In order to hear, the fruit fly uses its antenna, which resonates in response to courtship songs generated by wing vibration. The study’s researchers exposed the test group of fruit flies to a loud, 120 decibel tone that lies in the center of the fruit fly’s range of audible sounds. This tone over-stimulated the fruit flies’ auditory systems, much like noise exposure at a rock concert or to a jack hammer would over-stimulate a human’s auditory system.

The researchers later tested the fruit flies’ hearing by playing a series of song pulses at a lower, more natural volume, then measuring the physiological response by inserting tiny electrodes into the flies’ antennae. The fruit flies that had received the loud tone had more impaired hearing than the control group.

When the researchers tested the flies again a week later, the flies exposed to loud noise had recovered normal hearing levels. However, when the structure of the fruit flies’ ears were examined in further detail, researchers discovered the noise-rattled flies’ nerve cells displayed a signs of exposure to stress, including altered shapes of the mitochondria, responsible for generating a cell’s energy supply.

Fruit flies with a mutation that made them more susceptible to stress displayed more severe reductions in hearing ability and prominent changes in mitochondria shape. They also still experienced hearing deficits a week later, while the normal flies with no mutation had recovered.

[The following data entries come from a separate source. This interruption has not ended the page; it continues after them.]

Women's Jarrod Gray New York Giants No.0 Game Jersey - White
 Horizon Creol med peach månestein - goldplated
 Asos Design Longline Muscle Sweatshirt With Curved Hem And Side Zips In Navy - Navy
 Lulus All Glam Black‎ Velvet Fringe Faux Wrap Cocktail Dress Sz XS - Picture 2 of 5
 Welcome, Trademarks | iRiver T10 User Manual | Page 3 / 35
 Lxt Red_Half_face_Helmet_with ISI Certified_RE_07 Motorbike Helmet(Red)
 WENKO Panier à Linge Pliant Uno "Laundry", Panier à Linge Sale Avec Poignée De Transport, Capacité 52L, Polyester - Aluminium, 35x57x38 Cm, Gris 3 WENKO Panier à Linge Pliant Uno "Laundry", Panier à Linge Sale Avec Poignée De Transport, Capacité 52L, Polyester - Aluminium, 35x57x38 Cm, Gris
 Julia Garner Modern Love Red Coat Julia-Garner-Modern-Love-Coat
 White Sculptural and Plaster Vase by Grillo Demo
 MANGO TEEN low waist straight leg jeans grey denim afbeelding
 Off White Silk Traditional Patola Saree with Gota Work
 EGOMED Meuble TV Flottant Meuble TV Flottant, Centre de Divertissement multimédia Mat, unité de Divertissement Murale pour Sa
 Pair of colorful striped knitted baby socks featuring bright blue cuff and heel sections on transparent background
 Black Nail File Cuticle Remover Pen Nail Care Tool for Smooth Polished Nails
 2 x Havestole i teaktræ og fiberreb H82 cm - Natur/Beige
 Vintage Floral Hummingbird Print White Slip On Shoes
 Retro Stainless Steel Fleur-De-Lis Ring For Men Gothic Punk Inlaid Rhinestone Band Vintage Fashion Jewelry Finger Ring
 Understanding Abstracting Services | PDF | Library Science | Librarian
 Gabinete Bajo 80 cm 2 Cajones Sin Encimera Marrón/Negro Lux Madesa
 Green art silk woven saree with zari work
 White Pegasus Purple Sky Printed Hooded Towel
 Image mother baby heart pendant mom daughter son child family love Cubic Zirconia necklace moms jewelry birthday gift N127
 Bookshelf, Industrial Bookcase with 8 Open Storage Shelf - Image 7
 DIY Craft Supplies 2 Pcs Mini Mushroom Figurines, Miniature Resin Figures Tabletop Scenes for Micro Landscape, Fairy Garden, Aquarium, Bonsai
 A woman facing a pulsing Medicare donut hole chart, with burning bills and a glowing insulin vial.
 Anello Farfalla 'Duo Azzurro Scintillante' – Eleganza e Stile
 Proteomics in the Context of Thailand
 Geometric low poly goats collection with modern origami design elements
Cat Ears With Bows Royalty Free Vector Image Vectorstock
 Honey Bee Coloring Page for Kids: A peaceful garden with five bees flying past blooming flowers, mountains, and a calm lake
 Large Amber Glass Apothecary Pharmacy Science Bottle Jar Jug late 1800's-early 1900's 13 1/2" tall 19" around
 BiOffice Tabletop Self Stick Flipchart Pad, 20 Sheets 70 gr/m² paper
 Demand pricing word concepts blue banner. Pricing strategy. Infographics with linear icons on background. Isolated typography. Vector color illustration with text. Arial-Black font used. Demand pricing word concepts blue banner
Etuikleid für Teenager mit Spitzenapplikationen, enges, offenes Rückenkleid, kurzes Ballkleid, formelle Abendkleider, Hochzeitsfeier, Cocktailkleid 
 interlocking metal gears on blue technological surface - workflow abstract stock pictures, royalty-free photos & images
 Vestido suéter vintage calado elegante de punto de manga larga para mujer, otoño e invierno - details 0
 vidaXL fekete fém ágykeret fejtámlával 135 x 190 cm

This effect on the fruit fly’s molecular underpinnings are similar to that experienced by humans, making such tests applicable to people, according to the researchers.

“We found that fruit flies exhibit acoustic trauma effects resembling those found in vertebrates, including inducing metabolic stress in sensory cells,” Eberl told Science Daily. “Our report is the first to report noise trauma in Drosophila and is a foundation for studying molecular and genetic conditions resulting from NHL.”

“We hope eventually to use the system to look at how genetic pathways change in response to NHL,” Christie told Science Daily. “Also, we would like to learn how the modification of genetic pathways might reduce the effects of noise trauma.”